Three rookies, all leveraged in trades of expansion draft picks, performed fairly well for the ’62 Senators. Twenty-two-year-old lefthander Claude Osteen, acquired from Cincinnati in late 1961 for cash and reliever Dave Sisler, held his own in 150 innings. Another southpaw, 26-year-old Steve Hamilton, showed promise after being picked up from the Indians in May 1962 as part of a trade for Willie Tasby, who had been the regular center fielder in 1961. And 25-year-old outfielder Don Lock was acquired from the Yankees in July of ’62 exchange for Dale Long and proceeded to hit well in 71 games.

But overall the Senators’ roster remained unimpressive, and they finished an aggregate 35 games behind the Angels through 1962.

The Angels: Years Three Through Six

In 1963, three players who had been at the center of the Angels’ 1962 surge—Lee Thomas, Bob Rodgers and wildly quotable southpaw Bo Belinsky—all slumped badly, and the team lacked the depth to compensate. They fell all the way back to 70 wins and finished ninth.

The Angels rebounded to 82-80, fifth place in 1964. But perhaps because expectations had been set unrealistically high by the sudden success of 1962, in general the next few years would deliver mounting frustration. The organization continued to make good decisions, building a strong farm system and committing to a large contingent of promising young players: Tom Satriano, Ed Kirkpatrick, Paul Schaal, Jose Cardenal, Marcelino Lopez, Rick Reichardt, Jay Johnstone, and many more, but none turned out to be as nearly as good as either Fregosi or Chance. With those two young stars at their core, the Angels remained a competitive team through 1966 but were never the contender they had threatened to be back in 1962. In 1964-6566, the Angels settled in as a fixture in the middle of the American League standings, featuring young lineups full of promise but unable to deliver more than overall mediocrity.

Rigney did continue to display a particular knack for identifying and nurturing talent in obscurities:

Bobby Knoop had toiled in the minors without distinction since 1956, but Rigney installed him as the Angels’ undisputed regular second baseman in 1964 (displacing Billy Moran, who had been doing very well), and Knoop proved to a good player for several years—brilliant defensively and a so-so bat.

Bob Lee was a big, strong, wild fastballer who had also knocked around the minors since 1956. Rigney gave him a spot in the Angels’ bullpen, and Lee responded with spectacular seasons in 1964 and 1965, before beginning to wear out in ’66.

Willie Smith was a left-handed pitcher good enough to make the majors, but Rigney saw more value in him with his bat, and boldly converted Smith into a regular outfielder at the major-league level in 1964. Smith hit well in ’64 and ’65 but then suffered a bad slump in 1966.

George Brunet (whose most famous appendage was introduced to us here) was a nomad who had made no fewer than 28 minor- and major-league stops before the Angels called him up at age 29 in late 1964. Under Rigney, Brunet blossomed into a very solid major-league pitcher.

Still, every Angel strength was balanced by a hole someplace else, and the team couldn’t get over the middle-of-the-pack hump.

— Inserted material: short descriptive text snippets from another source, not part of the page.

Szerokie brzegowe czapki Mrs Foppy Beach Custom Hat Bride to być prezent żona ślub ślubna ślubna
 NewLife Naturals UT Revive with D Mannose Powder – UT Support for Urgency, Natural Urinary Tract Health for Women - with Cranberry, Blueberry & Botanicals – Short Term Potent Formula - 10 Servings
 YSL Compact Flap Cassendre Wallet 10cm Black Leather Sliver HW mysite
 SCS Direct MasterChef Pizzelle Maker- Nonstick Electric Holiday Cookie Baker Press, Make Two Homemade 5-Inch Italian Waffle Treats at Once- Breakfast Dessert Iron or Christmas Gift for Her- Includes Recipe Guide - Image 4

They changed their name to the California Angels in an attempt to escape the looming shadow of the Dodgers and opened a brand-new ballpark in Anaheim in 1966. But frustration at being unable to match their early success was the defining mode of the franchise, and by the end of 1966 they were losing patience.

The Senators: Years Three Through Six

Principal owner Pete Quesada’s failure to comprehend the value of a strong farm system led to an organizational decision to eschew developing one. Even after Quesada sold his controlling interest in the club to the brokerage house of Johnston-Lemon in 1963, for much of the time the Senators operated without a dedicated triple-A affiliate, and in general the organization’s investment in developing young talent was chronically lacking.

With only the rudiments of a farm system in place, they couldn’t commit themselves to young talent as the Angels did. Neither did they focus on pitching, nor did they attempt to build a team around speed and defense; the only particular plan the Senators appeared to follow was to attempt to fashion themselves as a power-hitting club.

The most notable illustration of this was the Senators’ December 1964 decision to trade Claude Osteen—who in 1963 and 1964 clearly emerged as their best pitcher, one of the better young pitchers in baseball—to the Dodgers for a package that primarily featured the huge slugger Frank Howard. “Hondo” was only one of many swing-from-the-heels types the Senators deployed. In deal after deal, the Senators acquired former minor-league home run kings (Gene Green, Don Lock, Bud Zipfel, R.C. Stevens, Bobo Osborne, Ken Hunt, Bob Chance, Ken Harrelson, Mike Epstein) or veteran big-league sluggers on the decline (Dale Long, Bill Skowron, Roy Sievers, Willie Kirkland, Woodie Held). Some of these long-ballers performed well for the Senators and some didn’t, but the one thing they all had in common was a propensity to strike out a lot and not hit for average. Thus the emblematic feature of Senators’ ball clubs (along with poor pitching) was decent power, lots of strikeouts and a very low team batting average.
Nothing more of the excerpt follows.